After the international success of The Servant, the movie world was keen to see what the next collaboration between director Joseph Losey and writer Harold Pinter would be, and the critical consensus was that they had matched, even surpassed the earlier film with Accident, an adaptation of Nicholas Mosley's novel that they had deliberately translated to the screen in as an austere fashion as possible, leaving the audience to join the emotional dots between the characters.
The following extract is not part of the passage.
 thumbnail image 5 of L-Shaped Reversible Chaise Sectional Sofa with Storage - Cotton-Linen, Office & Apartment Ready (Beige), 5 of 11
Naturally, this left a whole bunch of differing opinions as to what they were really thinking and what we were not being told about them, with some drawing the conclusion that if the filmmakers were not telling, then should the rest of us bother?
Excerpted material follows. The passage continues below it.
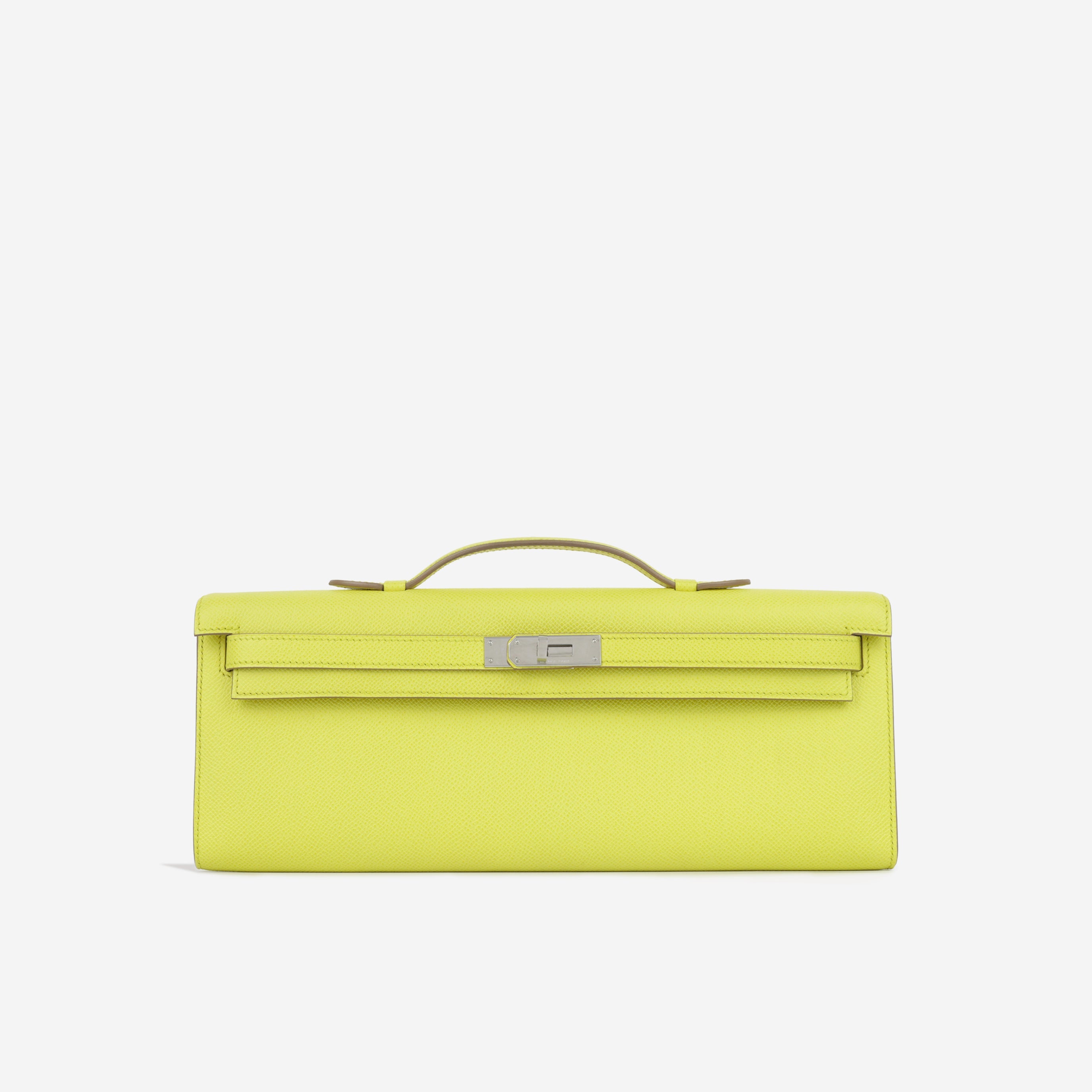 Kelly Cut Clutch - Lime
Accident came along at the end of the revolution in British screen drama that told us the lives of the working classes had as much validity for examination as the more traditional middle and upper classes who had taken up much of the space in so-called "serious" efforts. The effect this had was the lower down the social scale the subjects were, the more genuine they were perceived as, a way of thinking that persists to this day when drama about posh people is considered far too exclusive for the masses unless it’s a period piece carefully evoking a different era, so Losey and Pinter were quite brave in adapting the lives of the rarefied milieu of Oxford University aesthetes when even at the time something more rebellious was in the air.

Not long after, Malcolm McDowell seemed to sum up the landscape considerably better by gunning down a bunch of academics at the end of Lindsay Anderson’s If.... which left Accident coming across as stuffy at worst, obscure at best, yet if you thought the inner lives of the more repressed individuals at the higher strata of society were as worth examining as the more uninhibited lower down, then here was a film for you. Everyone in this, but Stephen in particular, may be swan-like on the surface, but their legs were paddling away for all they were worth to sustain that serene countenance. Every so often Losey allowed his camera to catch a scene, a shot, of that desperation showing through the façade, be it a slip in the conversation, one character breaking down in private, or a whole sequence illustrating an affair.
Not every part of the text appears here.